Aralarında kadınların da bulunduğu 314 kişilik bir grup oluştururlar. MEHDİ VE ASHABI HER ZALİME GALİP GELİRLER. Onların kalpleri demir gibidir ve onlar gündüz arslan, gece de abiddirler. Ne evvelkiler, ne de sonrakiler fedakarlıkta onlara yetişemez. (Kitab-ul Burhan Fi Alamet-il Mehdiyy-il Ahir Zaman, s. 57-68)

MEHDİYETE KARŞI OLANLAR YENİLMEYE MAHKUMDUR

Ebu Hamza, İmam Muhammed Bakır'ın şöyle buyurduğunu naklediyor: “Sanki İmam Kaim Mehdi'yi, Küfe'nin Necef'inde görüyorum ki zuhur etmiştir. Necef'te ortaya çıktığında Allah'ın Elçisi'nin bayrağını dalgalandıracaktır. MEHDİ'NİN BAYRAK DİREĞİ ALLAH'IN ARŞININ DİREKLERİNDENDİR… ONU KİME DOĞRU DALGALANDIRIRSA ALLAH ONA GALİP GELECEKTİR.”  Şöyle diyor: “Ben şöyle dedim: “Bayrak O'nunla birlikte mi olacak yoksa O'na mı verilecek?” Şöyle buyurdu:“Hayır, O'na verilecektir. Bayrağı O'na Cebrail getirecektir.” (Dinin Kemali-Şeyh Saduk, Sayfa 622)

5.    FİZİKİ BENZERLİK MEHDİLİK İÇİN YETERLİ DEĞİLDİR

5.6. MÜVEKKİLİN “BENZEMEKLE MEHDİ OLUNMAYACAĞINI” AÇIKLAYAN BEYANLARI 

BENZEMEKLE MEHDİ OLUNMAZ. ZANLA MEHDİLİK İDDİASI OLMAZ. SEVDİKLERİNİN HÜSNÜ ZANNIYLA MEHDİLİK OLMAZ. İslam ahlakı dünyaya hakim olduğunda, İslam Birliği oluştuğunda, İsa Mesih’in (as) namazda öne geçirdiği kişi için “Allahualem bu şahıs Mehdi” diyeceğiz. BUNUN DIŞINDA MEHDİLİK İDDİA ETMEK İSLAM’A VE KURAN’A UYGUN DEĞİLDİR.” (Adnan Oktar; 21 Şubat 2018) 
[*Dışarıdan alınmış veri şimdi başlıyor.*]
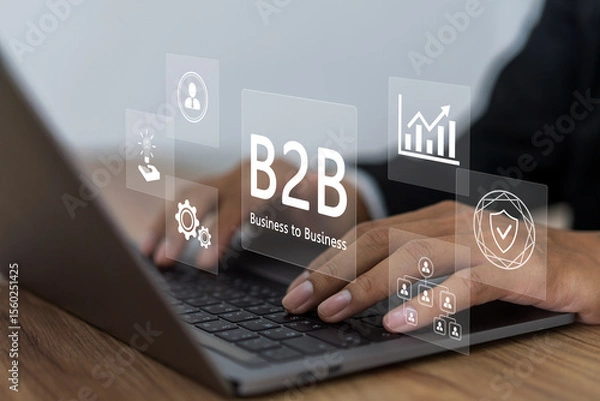 Fototapeta B2B, Business to Business concept, digital transformation and innovation in enterprise growth for corporate strategy in competitive market, organization growth, collaboration and enterprise connection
“Benim hiçbir zaman Mehdilik iddiam olmadı, olmaz. Böyle bir iddiam olsa cübbeyle sarıkla yayına çıkar, kadınlarla hiç görüşmez, mason olmaz, tüm dünyaya hakim olan gelenekçi İslam anlayışını eleştirmezdim. Mehdilik iddiasında olan bir insan olmadım, olmayacağım. BENZEMEK MEHDİYET İÇİN İSPAT DEĞİLDİR. Mehdi’yi şöyle anlarız: İslam hakim olur, Müslümanların başında bir manevi lider olur İslam Birliği tam sağlanır, Hz İsa namazda o şahsı öne geçirir, o zaman ‘Allahualem bu kişi Mehdi’ deriz.” (Adnan Oktar; 21 Şubat 2018 A9 TV)

BENZEMEK MEHDİLİK İÇİN DELİL OLMAZ. İslam ahlakı dünyaya hakim olduğunda, herkes birbirini kardeş olarak sevdiğinde, İslam Birliği oluştuğunda bu güzelliklere vesile olan insana "sanki Mehdi gibi" diye hüsnü zan ederiz. (Adnan Oktar; 23 Temmuz 2017 A9 TV) 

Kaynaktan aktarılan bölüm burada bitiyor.